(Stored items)
- Opening Delimiter -

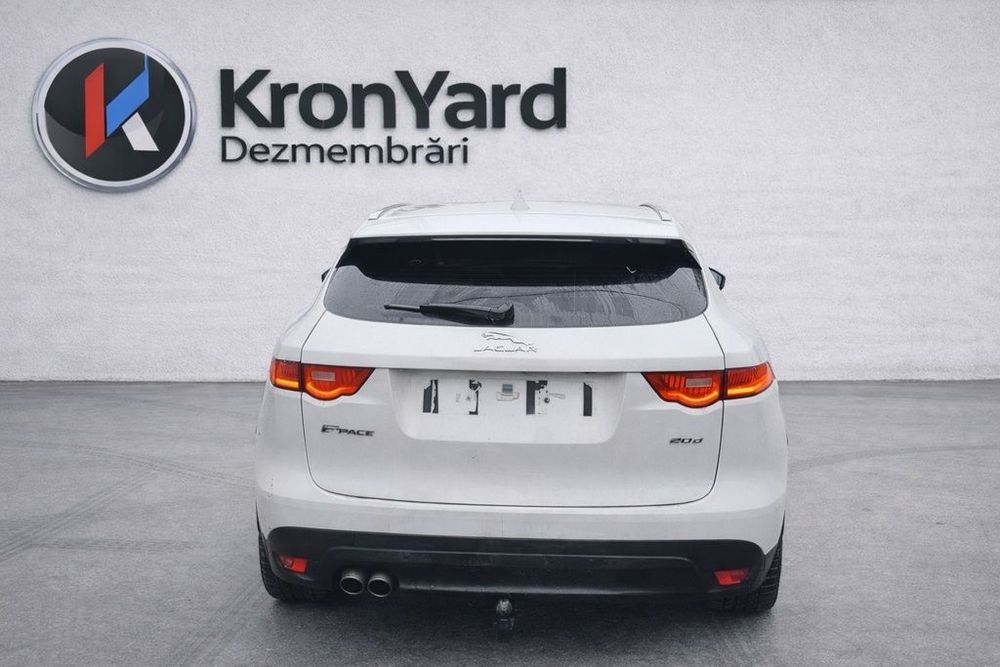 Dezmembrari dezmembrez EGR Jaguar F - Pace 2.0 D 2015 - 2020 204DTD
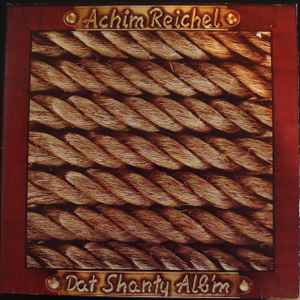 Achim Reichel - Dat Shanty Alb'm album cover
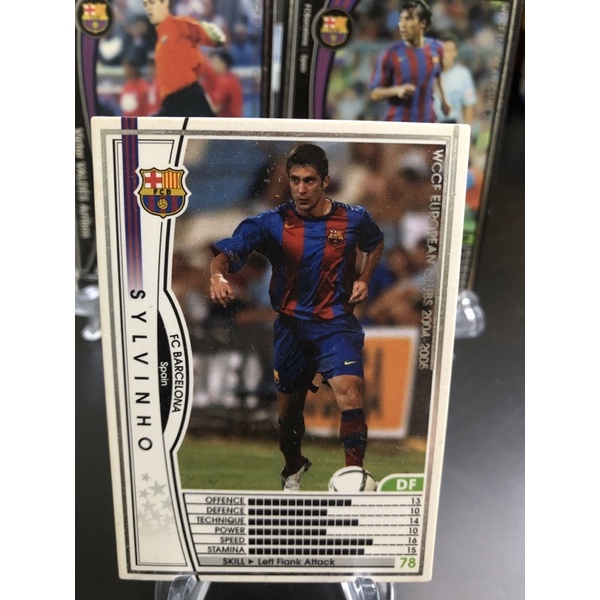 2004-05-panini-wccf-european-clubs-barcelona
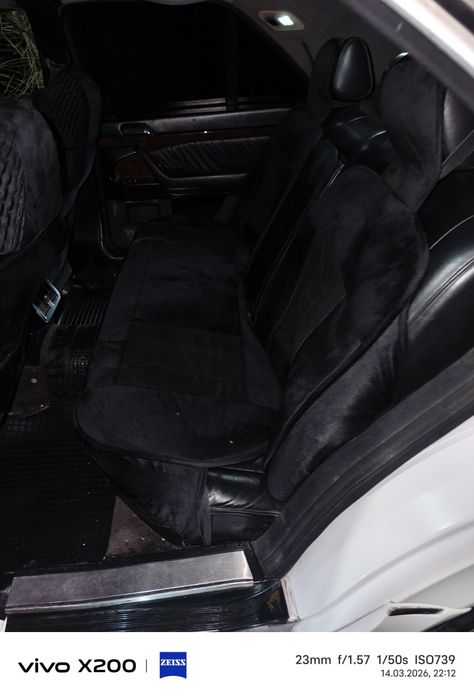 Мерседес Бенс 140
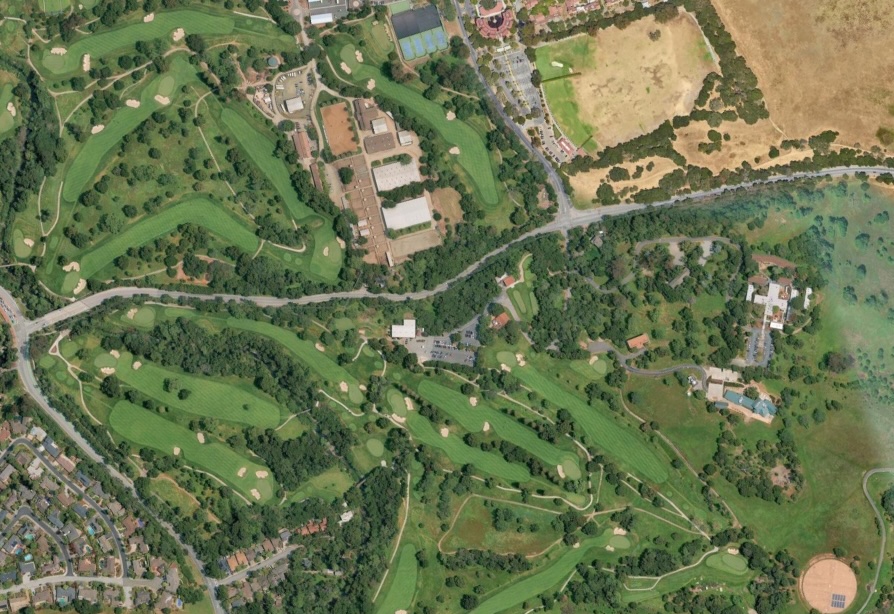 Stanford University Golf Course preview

- Closing Delimiter -

◆ Your assignment: Word for word, retype the lines from the one that contains "Achim Reichel - Dat Shanty Alb'm album cover" through the final line of the data, both ends included, excluding pictures.

◆ Output of the task:
 Achim Reichel - Dat Shanty Alb'm album cover
 2004-05-panini-wccf-european-clubs-barcelona
 Мерседес Бенс 140
 Stanford University Golf Course preview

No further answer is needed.